▸ Directions for this task
No pictures belong in the result; set down exactly the lines from the one containing "Pojemniki obiadowe styropianowe" through the final line of the listing, and nothing more.

▸ Data

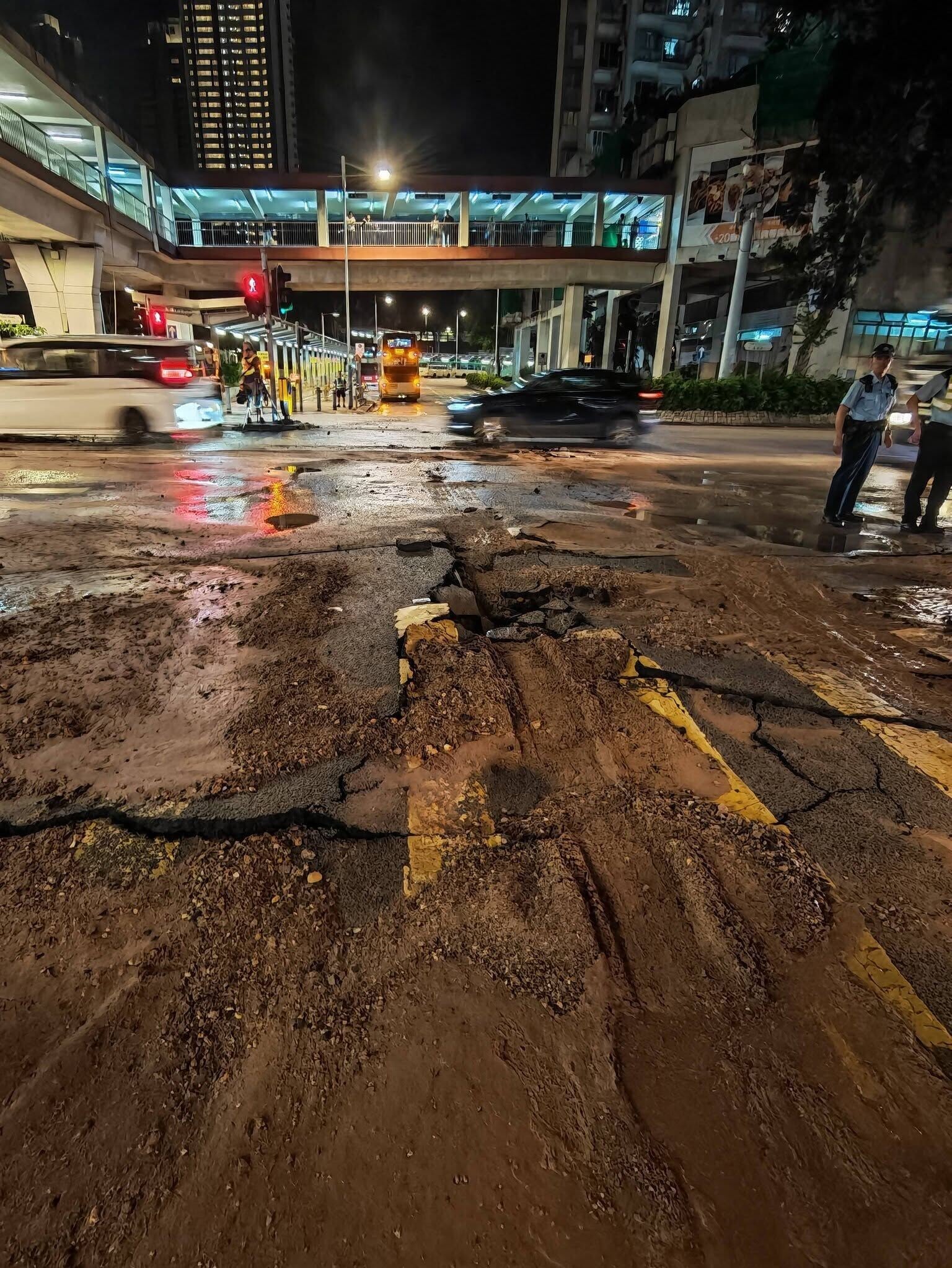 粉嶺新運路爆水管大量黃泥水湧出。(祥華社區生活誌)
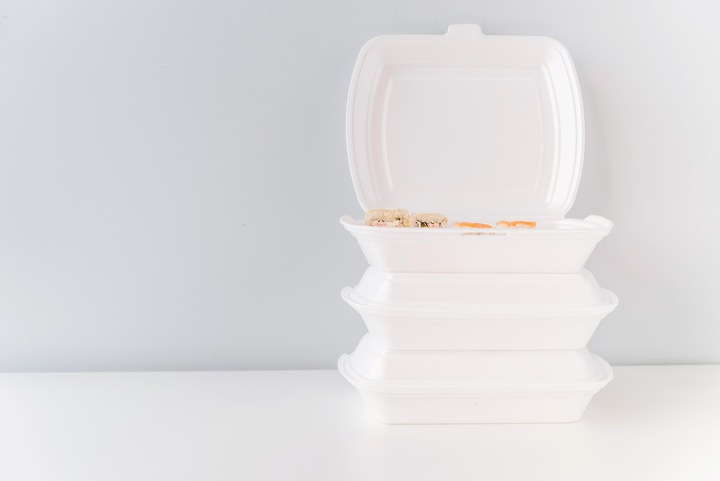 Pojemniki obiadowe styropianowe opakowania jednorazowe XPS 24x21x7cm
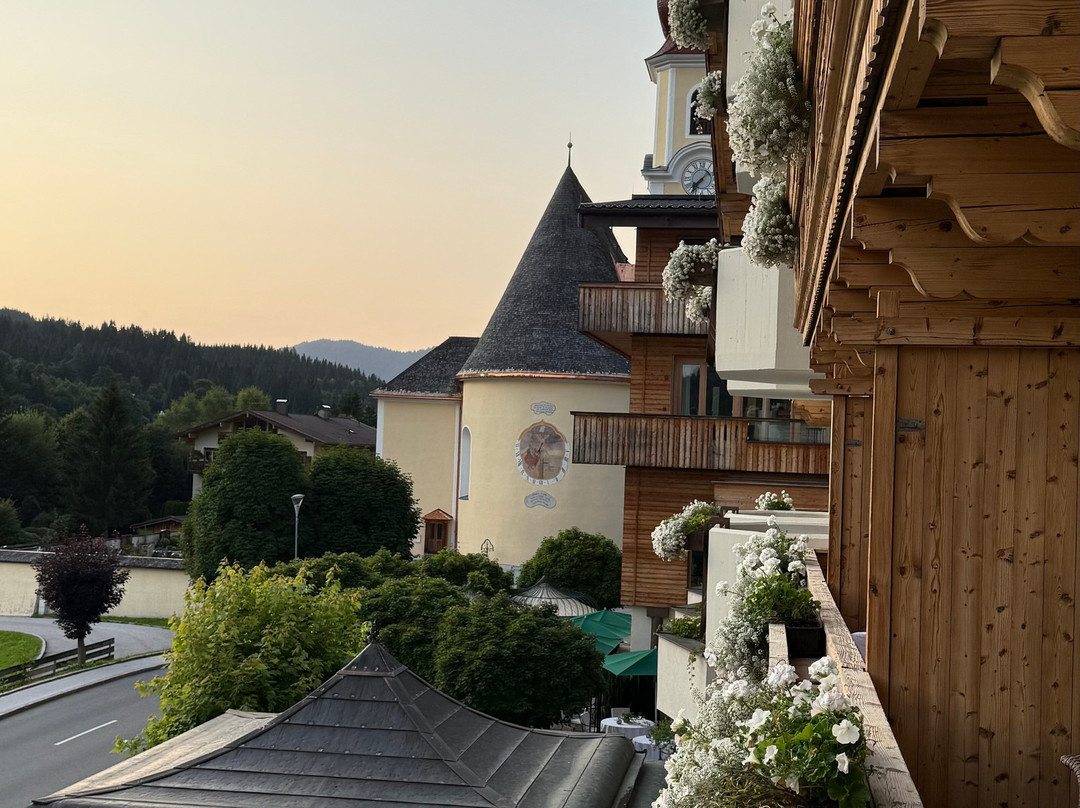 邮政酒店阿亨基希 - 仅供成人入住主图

▸ The answer
 Pojemniki obiadowe styropianowe opakowania jednorazowe XPS 24x21x7cm
 邮政酒店阿亨基希 - 仅供成人入住主图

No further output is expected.